Vicissitudes do ‘storytelling’
Com a narrativa da exclusividade e do fabrico manual desmistificada, a justificação para o preço alto deixa de ter aderência

Dizem os livros que uma marca de luxo é vista como tal em função do preço e da perceção da marca/produto, construída com uma narrativa. As vendas dos principais grupos do setor estão em queda generalizada no primeiro trimestre, por razões macroeconómicas e conjunturais, com recuos que variam entre 10% e 25%, consoante a marca e a região, mas mais acentuados na China.
A guerra comercial EUA/China – os dois maiores mercados de consumo de luxo – é a gasolina que faltava, num segmento que perde pujança desde as ‘compras de vingança’ durante e no pós-pandemia.
As gerações jovens, que preferem experiências em vez de produtos e normalizam os ‘dupes’ de luxo – que lhes dão acesso ao design original por uma fração do preço – põem mais achas na fogueira, nas últimas semanas. São elas – ajudadas pelo algoritmo – que viralizam nas redes sociais o ‘storytelling’ negativo, propagado com a revelação (ou confirmação) de que as marcas de luxo produzem em fábricas na China, por um custo irrisório face ao preço final.
Nesses mesmos vídeos, os fabricantes chineses propõem como alternativa os seus produtos, com o design dos originais mas sem a marca…e por um preço inferior.
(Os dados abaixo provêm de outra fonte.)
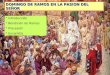 DOMINGO DE RAMOS EN LA PASION DEL SEÑOR * Introducción * Bendición de Ramos * Procesión * Eucaristía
Seja isto verdadeiro ou falso, a tendência não só danifica a perceção das marcas de luxo como deixa a porta escancarada para legitimar os ‘dupes’, um pesadelo legal maior do que a contrafação, perante a ausência de marcas e logótipos que atestem a falsificação.
Com a narrativa da exclusividade e do fabrico manual desmistificada, a justificação para o preço alto deixa de ter aderência, apesar de algumas marcas de luxo já se terem apressado a subir os preços de alguns modelos de carteiras mais icónicas. Aguardemos pelos resultados de vendas nos próximos trimestres. E pelo ‘storytelling’ das marcas de luxo em resposta aos fabricantes chineses.